Seattle's annual Northwest Design Awards has crowned a re-designed Alaskan mansion in Juneau as this year's winner. Designer Jeremy Bauer has mentioned that the design was inspired by an "'80s McMansion in the valley" that mixes creativity and innovation.
The interior design features a spiraling staircase and flooring that uses woven wood as its material and inspiration. Bauer explained that the creativity and innovation behind the award-winning design stemmed from the homeowner's needs.
This involves coming up with an interior design that features a mix between historical antique furnishings and modern amenities. Designer Jason Clifton described the creativity and innovation-driven design as a "farmhouse chic."

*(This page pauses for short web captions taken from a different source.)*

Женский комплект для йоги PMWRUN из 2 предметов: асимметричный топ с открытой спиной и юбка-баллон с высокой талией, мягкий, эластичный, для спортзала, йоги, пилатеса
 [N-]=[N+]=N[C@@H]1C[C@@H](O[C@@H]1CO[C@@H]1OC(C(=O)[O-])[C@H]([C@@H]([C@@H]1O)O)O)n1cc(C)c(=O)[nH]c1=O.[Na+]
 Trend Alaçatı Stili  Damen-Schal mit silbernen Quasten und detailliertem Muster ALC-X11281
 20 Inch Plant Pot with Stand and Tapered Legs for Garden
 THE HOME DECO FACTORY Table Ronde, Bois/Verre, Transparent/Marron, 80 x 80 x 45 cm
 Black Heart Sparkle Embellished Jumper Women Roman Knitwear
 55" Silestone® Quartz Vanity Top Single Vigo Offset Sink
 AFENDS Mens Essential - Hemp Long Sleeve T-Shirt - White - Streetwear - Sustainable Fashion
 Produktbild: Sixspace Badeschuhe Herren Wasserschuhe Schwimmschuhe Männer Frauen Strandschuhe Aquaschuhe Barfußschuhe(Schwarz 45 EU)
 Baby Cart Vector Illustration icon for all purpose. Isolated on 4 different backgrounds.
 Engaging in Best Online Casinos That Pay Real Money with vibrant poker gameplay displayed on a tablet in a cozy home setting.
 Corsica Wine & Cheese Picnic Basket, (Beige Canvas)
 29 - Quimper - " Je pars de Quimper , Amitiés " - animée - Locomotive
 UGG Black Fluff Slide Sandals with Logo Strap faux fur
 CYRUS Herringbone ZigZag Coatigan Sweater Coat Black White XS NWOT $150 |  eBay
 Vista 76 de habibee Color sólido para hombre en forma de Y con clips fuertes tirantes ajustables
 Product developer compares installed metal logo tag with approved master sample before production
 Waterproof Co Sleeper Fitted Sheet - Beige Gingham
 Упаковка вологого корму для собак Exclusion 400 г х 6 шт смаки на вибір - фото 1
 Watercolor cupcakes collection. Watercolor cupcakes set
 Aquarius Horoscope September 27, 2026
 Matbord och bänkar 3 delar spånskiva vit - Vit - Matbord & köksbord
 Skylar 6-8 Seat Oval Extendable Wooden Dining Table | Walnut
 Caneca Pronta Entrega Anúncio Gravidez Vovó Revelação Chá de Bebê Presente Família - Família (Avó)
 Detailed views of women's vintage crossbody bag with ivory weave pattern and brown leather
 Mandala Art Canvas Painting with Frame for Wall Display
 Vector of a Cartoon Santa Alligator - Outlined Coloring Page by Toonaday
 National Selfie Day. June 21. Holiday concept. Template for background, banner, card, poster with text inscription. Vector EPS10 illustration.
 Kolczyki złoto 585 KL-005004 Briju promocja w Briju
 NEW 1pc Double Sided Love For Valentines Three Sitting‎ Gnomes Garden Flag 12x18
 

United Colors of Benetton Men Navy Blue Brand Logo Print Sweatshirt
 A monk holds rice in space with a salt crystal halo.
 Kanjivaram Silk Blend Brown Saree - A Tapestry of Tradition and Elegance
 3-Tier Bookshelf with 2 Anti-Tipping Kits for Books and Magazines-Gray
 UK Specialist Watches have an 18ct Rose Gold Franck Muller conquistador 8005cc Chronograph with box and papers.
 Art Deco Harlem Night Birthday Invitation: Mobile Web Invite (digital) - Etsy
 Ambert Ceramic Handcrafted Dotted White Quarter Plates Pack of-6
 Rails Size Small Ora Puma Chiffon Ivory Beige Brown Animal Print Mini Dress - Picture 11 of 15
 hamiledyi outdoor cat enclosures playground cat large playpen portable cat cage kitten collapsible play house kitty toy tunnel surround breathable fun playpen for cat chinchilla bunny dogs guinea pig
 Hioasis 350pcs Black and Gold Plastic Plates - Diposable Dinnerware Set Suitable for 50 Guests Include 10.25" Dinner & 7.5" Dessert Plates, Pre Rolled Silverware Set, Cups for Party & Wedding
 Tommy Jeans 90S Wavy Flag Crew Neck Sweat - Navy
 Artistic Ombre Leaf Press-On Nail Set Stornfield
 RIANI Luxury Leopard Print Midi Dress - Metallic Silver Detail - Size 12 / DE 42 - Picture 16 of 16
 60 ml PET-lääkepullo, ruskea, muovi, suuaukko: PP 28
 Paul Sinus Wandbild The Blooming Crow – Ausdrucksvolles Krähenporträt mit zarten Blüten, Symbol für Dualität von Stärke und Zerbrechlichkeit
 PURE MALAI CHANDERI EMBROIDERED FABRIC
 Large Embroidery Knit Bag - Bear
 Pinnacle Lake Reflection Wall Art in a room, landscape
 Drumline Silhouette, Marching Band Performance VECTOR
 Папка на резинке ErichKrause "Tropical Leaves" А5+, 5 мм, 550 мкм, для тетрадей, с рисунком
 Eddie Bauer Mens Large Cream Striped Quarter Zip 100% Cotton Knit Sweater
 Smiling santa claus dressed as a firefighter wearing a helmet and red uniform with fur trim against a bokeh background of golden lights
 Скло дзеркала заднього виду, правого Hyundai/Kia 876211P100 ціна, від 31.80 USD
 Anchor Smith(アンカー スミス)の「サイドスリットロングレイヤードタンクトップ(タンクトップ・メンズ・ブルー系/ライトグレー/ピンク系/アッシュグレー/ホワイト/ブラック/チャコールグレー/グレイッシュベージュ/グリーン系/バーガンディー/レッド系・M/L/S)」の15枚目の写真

Meanwhile, the winner in the recent Singapore Interior Design Awards also used creativity and innovation to come up with their winning design. The award-winning design is featured in a Singapore furniture store called Xtra.
The interior design dubbed the "Fabricwood" engulfs a large portion of the furniture store, creating a natural effect to a fabricated material. With a some creativity and innovation, designer Pan Yi Cheng was able to blend the elements of a solid form and structure design along with the fluidity of fabric.
This results in a mesmerizing display of woodwork that looks smooth as silk, while maintaining the solid elements of wood. Creativity and innovation helped create this design as it creates an illusion that something as hard as plywood, can look as soft and smooth as a cloth-like fabric.